As she stepped into the kitchen, the sound faded. It wasn’t in here. Somewhere else.
She turned back around and pushed open the door to the living room.
The lights in the living room were off.
Didn’t I leave them on?
She knew she had, but allowed herself to think that perhaps she was mistaken; that she had automatically turned off the light in the living room as she walked out. That sounded like her, didn’t it? Trying to conserve energy and keep the power bill at a manageable level?
She reached through the doorway and turned the lights back on. She was trembling.
“Hon?” she called out. Maybe this was all some elaborate prank by Cap. It wouldn’t be beyond him to want to scare her. But she didn’t think so. This didn’t feel like him. It felt too angry. Too real.
As soon as she spoke, the undercurrent of sound that had been rasping like sandpaper across her mind was suddenly gone. She breathed in relief and stepped back into the living room.
And the sound started again.
It led her through the living room. She felt like she was in some kind of hypnotic trance. She wanted to leave off the search for whatever was making this strange noise, at least long enough to go get Cap and rope him into looking with her. But she couldn’t. Instead she walked through the living room, barely glancing at the now-silent stereo tower that crouched like a strange black bug on the rug. She followed the sound, the strange sound, the other sound.
The other sound.
As she thought about it, she realized that whatever the sound turned out to be, it was truly an other sound. Something not her. Not Cap. Alien. Perhaps malignant, but at the very least unhappy. It didn’t belong here with them.
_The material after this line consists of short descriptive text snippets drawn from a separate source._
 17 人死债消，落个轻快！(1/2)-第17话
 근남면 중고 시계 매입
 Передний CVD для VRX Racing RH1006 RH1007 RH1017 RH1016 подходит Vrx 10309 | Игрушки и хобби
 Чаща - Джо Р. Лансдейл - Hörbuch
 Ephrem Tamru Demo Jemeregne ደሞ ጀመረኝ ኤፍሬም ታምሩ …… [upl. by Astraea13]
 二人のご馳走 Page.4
She thought again about turning away from the sound, about going up to the attic and getting Cap. But she realized that even if she decided to do that, she’d still have to go through the living room and into the hall. That was where she was already headed. So why not just go into the hall and see what happened then? She could decide what to do when she got to the foot of the stairs.
A part of her realized that she wasn’t making much sense. She had already decided to follow the sound. She didn’t have a choice, any more than a fish could ignore a bright lure in the water, regardless of the hook set into it.
She entered the hallway. It was long and narrow, a passage with several doors. They were all closed.
Sarah walked forward, and could almost feel the hook set itself firmly in her mouth, ready to drag her out of her safe pond at any second.
She knew somehow that the noise wasn’t coming from any of the doors that lined the hall. But she couldn’t just walk past them. Ugly images of strange creatures springing out of the dark rooms after she passed by, jumping on her from behind and clawing bleeding furrows in her back, sprung unbidden into her mind. She had to check the rooms out first.
She went to the first closed door and turned the handle. She swung it open with a push, the door disappearing into the darkness beyond. She reached in and turned on the light. It was a bathroom. Sink. Toilet.
Bathtub.
The batht
ub was the old-fashioned variety, a large vat that was not set into the floor or wall, but rather sat upright on four bronzed feet. The feet themselves were fashioned to look like paws of some kind, perhaps those of a bear, thick and with the hint of claws peeking out of the metal fur. A curtain hung around the outside of the bath, obscuring the inside of the tub.
She didn’t allow herself to think about what she was doing, just darted out a hand and ripped the curtain aside.
For an instant she thought she saw something in the tub. But it was gone before she had more than the barest sense of what it might have been. Just a vague feeling of something there.
Then it was empty. White porcelain gleaming in the room’s bright light.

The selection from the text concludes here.